Hier soir, nous avons pour la dernière fois dîné avec Daddy, Janaki, Priya, Vishnu, la voisine de gauche et son fils. Nous sommes allés dans un restaurant élégant : climatisation à fond, chaises recouvertes par du plastique, néons triomphants, innombrable personnel en chemise blanche, pantalon moulant noir et souliers vernis, frais émoulu du lycée hôtelier local. Tout ce déploiement de raffinement n’a pas empêché un énorme cafard de dégringoler du plafond pour venir s’écraser dans l’assiette du fils de la voisine. Qui n’a d’ailleurs pas bronché, contrairement à Fabio qui a fait « Oups ! » en se demandant avec inquiétude quelles autres surprises nous réservait ce lieu.
Mais tout s’est bien passé, et peu après le repas nous avons salué nos amis. Je les ai quitté avec nostalgie. J’ai souhaité à Priya le meilleur mari du monde, et je lui ai demandé de m’écrire pour me tenir au courant. Janaki a joint ses mains haut devant son visage pour nous dire au revoir, elle aussi était un peu triste.
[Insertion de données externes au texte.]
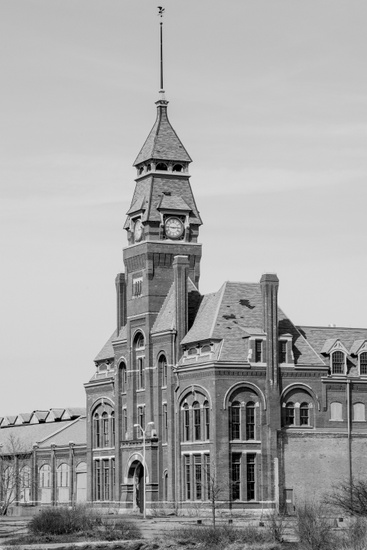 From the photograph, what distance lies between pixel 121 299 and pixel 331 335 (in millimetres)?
18678

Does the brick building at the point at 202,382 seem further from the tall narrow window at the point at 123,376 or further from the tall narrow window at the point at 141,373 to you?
the tall narrow window at the point at 123,376

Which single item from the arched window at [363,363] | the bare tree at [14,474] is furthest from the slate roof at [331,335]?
the bare tree at [14,474]

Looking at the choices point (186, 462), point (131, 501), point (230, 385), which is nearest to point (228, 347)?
point (230, 385)

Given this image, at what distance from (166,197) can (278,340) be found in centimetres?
1671

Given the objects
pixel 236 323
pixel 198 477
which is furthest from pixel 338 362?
pixel 198 477

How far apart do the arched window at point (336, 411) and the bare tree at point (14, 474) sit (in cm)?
4476

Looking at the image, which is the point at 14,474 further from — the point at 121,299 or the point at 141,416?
the point at 141,416

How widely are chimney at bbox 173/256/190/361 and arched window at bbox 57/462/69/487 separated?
101ft

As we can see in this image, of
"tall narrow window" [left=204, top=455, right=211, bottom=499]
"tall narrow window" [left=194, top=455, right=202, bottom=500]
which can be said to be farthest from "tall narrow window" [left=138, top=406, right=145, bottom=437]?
"tall narrow window" [left=204, top=455, right=211, bottom=499]

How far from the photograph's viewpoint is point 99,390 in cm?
12544

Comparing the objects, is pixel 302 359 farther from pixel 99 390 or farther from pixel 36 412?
pixel 36 412

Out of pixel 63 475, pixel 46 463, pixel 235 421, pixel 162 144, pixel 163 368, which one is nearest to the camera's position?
pixel 235 421

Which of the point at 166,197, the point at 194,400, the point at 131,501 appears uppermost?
the point at 166,197

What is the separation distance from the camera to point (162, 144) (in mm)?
119250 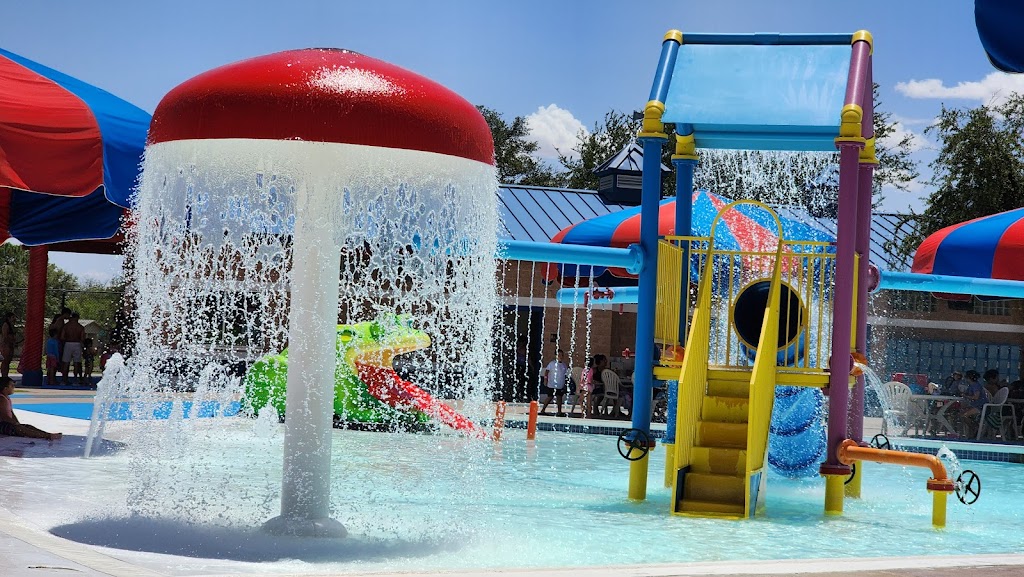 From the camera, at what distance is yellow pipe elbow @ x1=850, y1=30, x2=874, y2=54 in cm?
951

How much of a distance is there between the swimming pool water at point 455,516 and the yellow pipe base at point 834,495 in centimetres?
11

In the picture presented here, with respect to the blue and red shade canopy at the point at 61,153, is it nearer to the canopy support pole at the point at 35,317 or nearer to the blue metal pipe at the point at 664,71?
the blue metal pipe at the point at 664,71

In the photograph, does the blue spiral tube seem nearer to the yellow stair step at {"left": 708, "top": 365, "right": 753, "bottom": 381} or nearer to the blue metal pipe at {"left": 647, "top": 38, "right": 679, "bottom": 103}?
the yellow stair step at {"left": 708, "top": 365, "right": 753, "bottom": 381}

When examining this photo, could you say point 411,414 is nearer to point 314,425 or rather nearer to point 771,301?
point 771,301

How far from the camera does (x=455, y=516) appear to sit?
7.81 m

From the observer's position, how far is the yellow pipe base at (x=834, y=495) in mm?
9070

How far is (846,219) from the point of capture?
879 centimetres

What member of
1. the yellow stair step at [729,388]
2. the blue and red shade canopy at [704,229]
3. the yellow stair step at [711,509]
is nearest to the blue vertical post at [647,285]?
the yellow stair step at [729,388]

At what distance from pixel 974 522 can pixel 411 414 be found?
23.8 feet

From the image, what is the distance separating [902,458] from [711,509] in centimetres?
149

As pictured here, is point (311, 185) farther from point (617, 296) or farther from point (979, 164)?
point (979, 164)

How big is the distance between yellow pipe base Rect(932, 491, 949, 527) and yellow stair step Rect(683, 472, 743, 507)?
4.83ft

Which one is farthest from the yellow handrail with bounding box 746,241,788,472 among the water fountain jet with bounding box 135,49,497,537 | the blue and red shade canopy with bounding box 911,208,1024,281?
the blue and red shade canopy with bounding box 911,208,1024,281

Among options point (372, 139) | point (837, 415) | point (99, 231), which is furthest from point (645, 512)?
point (99, 231) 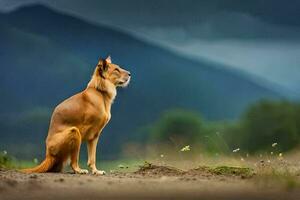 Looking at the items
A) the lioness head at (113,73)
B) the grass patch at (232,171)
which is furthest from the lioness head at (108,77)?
the grass patch at (232,171)

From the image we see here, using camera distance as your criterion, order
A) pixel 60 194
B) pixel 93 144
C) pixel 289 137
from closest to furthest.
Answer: pixel 60 194
pixel 93 144
pixel 289 137

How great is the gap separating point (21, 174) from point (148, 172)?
8.65 ft

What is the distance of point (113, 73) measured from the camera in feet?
53.7

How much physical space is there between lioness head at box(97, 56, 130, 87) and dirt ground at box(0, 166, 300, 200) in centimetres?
200

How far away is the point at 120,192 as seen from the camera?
13000 mm

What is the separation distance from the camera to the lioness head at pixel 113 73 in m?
16.2

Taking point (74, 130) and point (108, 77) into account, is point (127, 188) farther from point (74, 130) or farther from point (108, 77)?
point (108, 77)

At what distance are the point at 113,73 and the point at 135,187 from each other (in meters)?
3.46

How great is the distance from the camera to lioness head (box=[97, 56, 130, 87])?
53.2 ft

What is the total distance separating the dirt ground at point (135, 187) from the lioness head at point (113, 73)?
6.57 feet

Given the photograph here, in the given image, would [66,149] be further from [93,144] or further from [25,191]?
[25,191]

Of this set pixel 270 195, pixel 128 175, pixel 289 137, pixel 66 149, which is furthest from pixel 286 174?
pixel 289 137

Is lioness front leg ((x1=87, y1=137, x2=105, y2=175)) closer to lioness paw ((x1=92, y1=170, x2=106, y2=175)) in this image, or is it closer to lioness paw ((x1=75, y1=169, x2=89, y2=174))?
lioness paw ((x1=92, y1=170, x2=106, y2=175))

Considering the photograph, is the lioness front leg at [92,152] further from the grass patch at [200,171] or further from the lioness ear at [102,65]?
the lioness ear at [102,65]
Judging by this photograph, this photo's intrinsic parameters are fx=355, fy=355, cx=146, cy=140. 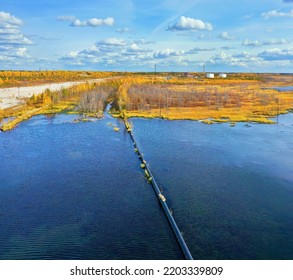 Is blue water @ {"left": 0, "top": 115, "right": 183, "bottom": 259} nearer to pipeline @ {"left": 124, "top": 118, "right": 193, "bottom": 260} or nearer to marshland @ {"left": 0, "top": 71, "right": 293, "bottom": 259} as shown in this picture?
marshland @ {"left": 0, "top": 71, "right": 293, "bottom": 259}

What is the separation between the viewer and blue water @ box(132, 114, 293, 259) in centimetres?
1289

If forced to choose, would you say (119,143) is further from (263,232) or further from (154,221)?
(263,232)

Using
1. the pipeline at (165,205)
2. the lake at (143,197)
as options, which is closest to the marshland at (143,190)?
the lake at (143,197)

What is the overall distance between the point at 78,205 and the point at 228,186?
772 cm

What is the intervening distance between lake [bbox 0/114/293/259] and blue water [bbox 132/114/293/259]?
5cm

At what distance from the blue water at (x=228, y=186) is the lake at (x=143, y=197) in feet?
0.16

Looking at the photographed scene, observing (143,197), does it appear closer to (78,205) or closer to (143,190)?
(143,190)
Et ce matin nous prenons le train pour Bangalore. Bien que le voyage dure environ huit heures nous avons préféré voyager de jour, le train de nuit étant pour nous, êtres fragiles et délicats, l’assurance (ou presque) de passer une nuit blanche.
A cause des récents attentas de Mumbai, la sécurité est renforcée et de nombreux policiers sillonnent les quais, c’est d’ailleurs l’un d’entre eux qui pique Fabio la cigarette au bec, sorti s’en fumer une, mal planqué entre deux trains, en attendant le départ du nôtre.
Il est interdit de fumer dans les gares, c’est écrit partout, en gros, en anglais, en tamil et en hindi, et même si les mégots jonchent le sol il faut se méfier, la preuve !
Le policier, ravi de l’aubaine qui va peut être lui permettre d’empocher quelques centaines de roupies parle « d’ajustement ». Bien entendu Fabio joue le crétin qui ne comprend pas l’anglais.
« Ticket, ticket ! » insiste lourdement l’homme en uniforme. Difficile de continuer à jouer le nigaud ! Fabio lui tend les tickets, l’autre les garde dans sa main, comme pour menacer et continue à palabrer sans pour autant sortir de papiers officiels. Le temps passe, le train va partir, je suis à l’intérieur, valises rangées, pieds nus sur la banquette et Fabio dehors, entre deux rails, face au policier qui agite nos billets sous nos nez. La situation n’est pas encore critique, mais presque.
Finalement, à l’italienne et avec panache, mon héros personnel reprend fermement nos billets des mains du tourmenteur ripou et grimpe prestement dans le convoi qui commence à s’ébranler et le policier se met à rire et lui fait un signe de la main, comme pour dire : « bien joué l’Italien, t’as gagné ! »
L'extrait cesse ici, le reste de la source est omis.